From California to China: Art student transforms debris into dialogue through ceramic practice
By Gigi Konecki-Brazeal, ASU News
April 27, 2026

Editor’s note: This story is part of a series of profiles of notable spring 2026 graduates.

Any given week, Kendall Traylor can be found making the rounds of ceramic studios across the Phoenix metro area, not to fire her own work, but to collect what everyone else has thrown away. Broken bisqueware, cracked shards, fired rejects that didn't survive the kiln; the fragments most artists sweep into the trash are exactly what Traylor is looking for to create her own art. From this refuse, the Long Beach, California, native has built a distinctive art practice at the School of Art in ASU’s Herberger Institute for Design and the Arts.

Traylor is completing her Master of Fine Arts in art at ASU this spring, capping a three-year, fully funded graduate program with a body of work that challenges the ceramics world's culture of perfection and disposal. A 3D design class during her undergraduate years at CalState, Long Beach, pulled her back to ceramics after a two-year break, and once she found her people in the studio at ASU, she never looked back.

“The people were so amazingly talented, and I felt welcome from the moment I arrived,” she said.

Since then, she has recycled and reused over 2,500 pounds of unfired clay and more than 1,000 pounds of fired ceramic waste, transforming them into sculptural works that carry pointed messages about sustainability and consumerism.

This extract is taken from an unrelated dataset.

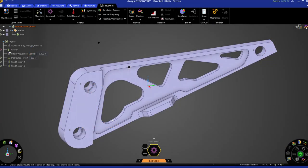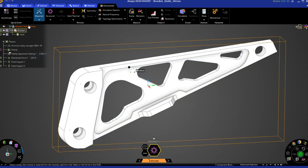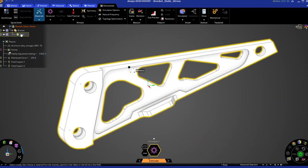In ANSYS Discovery, the material libraries can be accessed through the materials option in the simulation part of the ribbon. Select a component to open the material window.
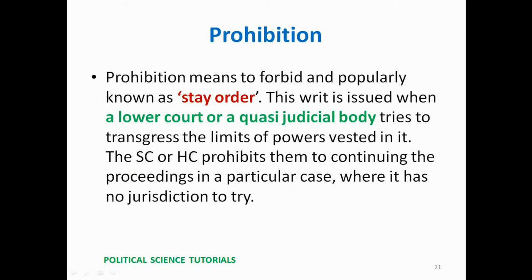Prohibition: This means 'to forbid' and is popularly known as a stay order. This writ is issued when a lower court or quasi-judicial body tries to transgress the limits of powers vested in it. The Supreme Court or High Court prohibits them from continuing proceedings in a particular case where they have no jurisdiction to try.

In 2024, that philosophy earned her an international artist residency in Jingdezhen, China, where she delivered a public lecture at The Pottery Workshop on creating a more sustainable future for ceramics.

Among her many honors: first prize in the Martin Wong Foundation Scholarship, a GPSA Jumpstart Research Grant, the Curran-Bleakney Scholarship from the Arizona Artists' Guild and the 2025 ASU Change the World award with a funded Changemaker Action Grant. Her work has appeared in 11 exhibitions across Arizona, Taiwan and beyond, culminating in “Aggregate Bodies,” her solo MFA show at Step Gallery in Phoenix this spring.

Beyond her studio, Traylor has served as an undergraduate studio arts instructor at the Herberger Institute and taught adult special education ceramics at SEEDs for Autism, work she plans to continue after graduation alongside her art practice.

A professor's words have stayed with her throughout: Juan Obando's reminder that "you have to know what you don't like to know what you do like," an invitation to keep experimenting, stay open and never settle.

Question: Why did you choose ASU?

Answer: The three Fs: faculty, facilities, funding. I wanted to feel financially supported by my institution and the faculty. Grant Street Studios is also such a beautiful facility that I understand why so many alumni become full-time teachers at ASU.

Q: Which professor taught you the most important lesson while at ASU?

A: There were so many amazing professors who taught me so much. Working with Susan Beiner challenged me to work consistently and prioritize my medium.

Q: What's the best piece of advice you'd give to those still in school?

A: Critiques and feedback are amazing. I came out of my undergrad stubborn and set in my ways, and in many ways, I still am. But I love participating in critiques and sharing feedback with my peers. The ideas that have sparked from critiques would have never come to me on my own.

Q: What does the power of design and arts — or ceramics specifically — mean to you?

A: Art scratches that ADHD itch that I have. I am a lifelong crafter. I love working with my hands, and ceramics has such a deep impact on neurodivergent individuals. When I work with clay, all of my senses are stimulated and engaged. Experimenting with materials connects me to chemistry and biology. The material connects me to the Earth and my body.

Q: If someone gave you $40 million to solve one problem on our planet, what would you tackle?

A: Recycling is something I am passionate about. I go on long walks to pick up ceramic pieces, and I see so much trash everywhere. Strengthening public sanitation and improving access to trash cans and recycling receptacles would make me so happy. Another dream would be a more structured, affordable trap-and-release program for stray animals, statewide and nationwide.